You can use Splash with Zyte Smart Proxy Manager(formerly Crawlera) to render JavaScript and proxy all requests issued from Splash. This may be necessary if your uses Splash heavily and target website throttles or blocks requests from Splash.
How to do it?
You need to send your requests to Splash. Splash must proxy its requests via Smart Proxy Manager.
This is best achieved by using Splash /execute
endpoint. You need to create Lua script that will tell Splash to use the proxy for requests. Splash provides splash:on_request
callback function that can be used for this purpose.
function main(splash)
local host = "proxy.zyte.com"
local port = 8010
local user = "<API key>"
local password = ""
local session_header = "X-Crawlera-Session"

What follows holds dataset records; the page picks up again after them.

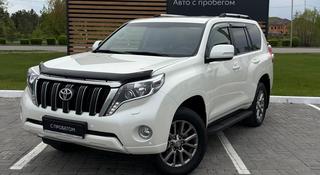 Toyota Land Cruiser Prado Comfort+ 2016 года за 17 890 000 тг. в Кокшетау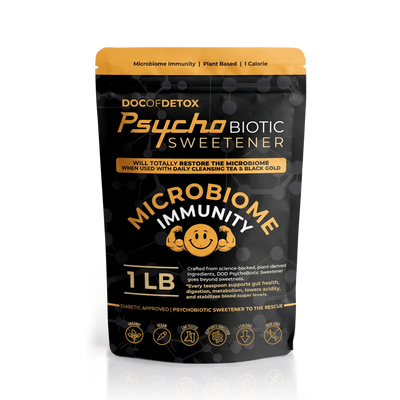 Size-PsychoBiotic Sweetener 1lb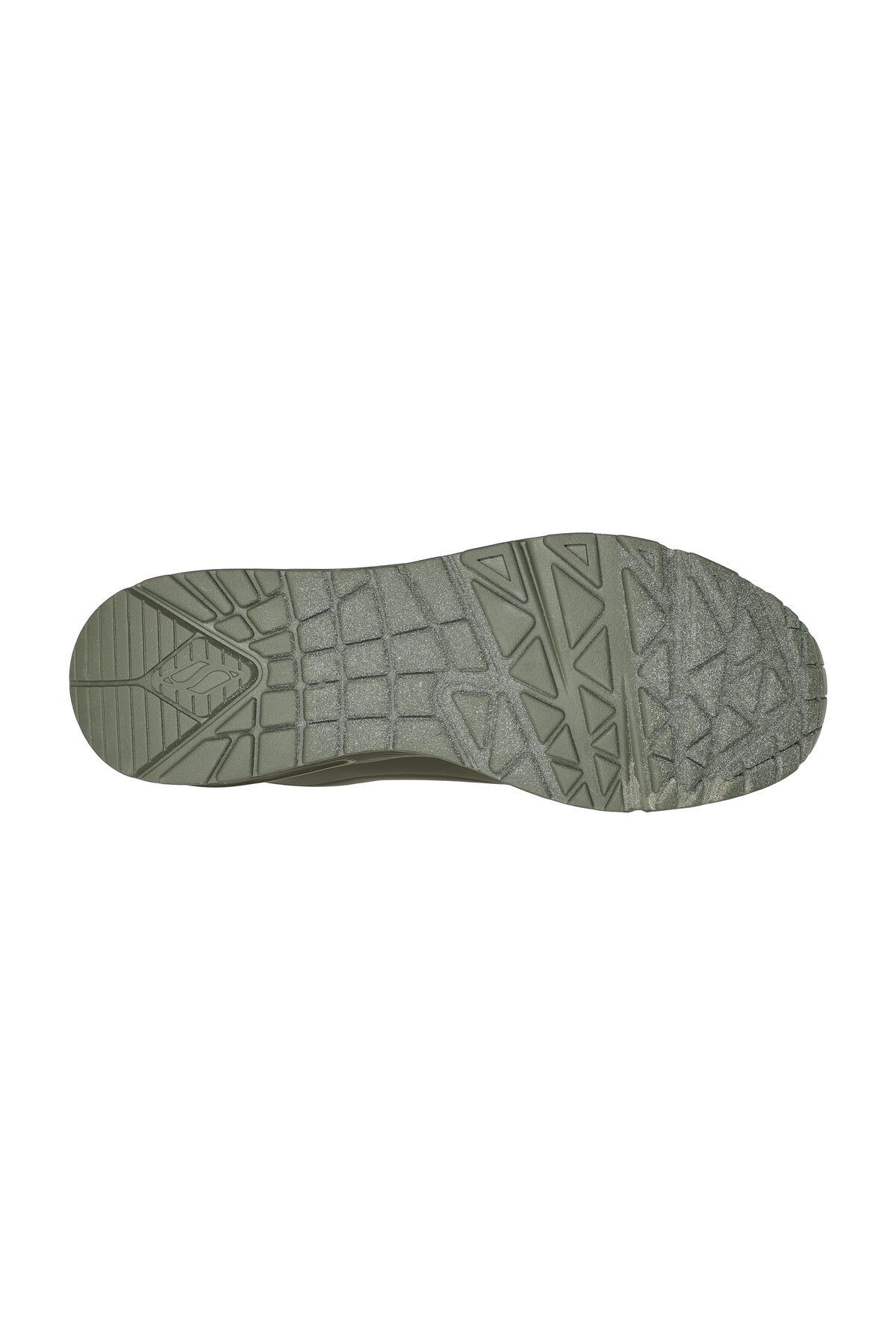 SKECHERS-Zelená pánska bežecká a tréningová obuv 3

local session_id = "create"
splash:on_request(function (request)
request:set_header("X-Crawlera-Profile", "desktop")
request:set_header(session_header, session_id)
request:set_proxy{host, port, username=user, password=password}
end)
splash:on_response_headers(function (response)
if response.headers[session_header] ~= nil then
session_id = response.headers[session_header]
end
end)
splash:go(splash.args.url)
return splash:png()
end
The previous example rendered a page as a PNG image, and the binary content is returned in the HTTP request. The /execute
endpoint reads the automation script in the lua_source
parameter (which is a string containing the full script).
An example (using Python Requests library):
# coding: utf-8
import requests
splash_server = 'http://0.0.0.0:8050'
url = "https://twitter.com"
with open('crawlera-splash.lua') as lua:
lua_source = ''.join(lua.readlines())
splash_url = '{}/execute'.format(splash_server)
r = requests.post(
splash_url,
json={
'lua_source': lua_source,
'url': url,
},
timeout=100,
)
fp = open("crawlera-splash.png", "wb")
fp.write(r.content)
fp.close()
Note: in the previous Python script Splash was running at address 0.0.0.0, i.e. Splash was launched
from the Docker container.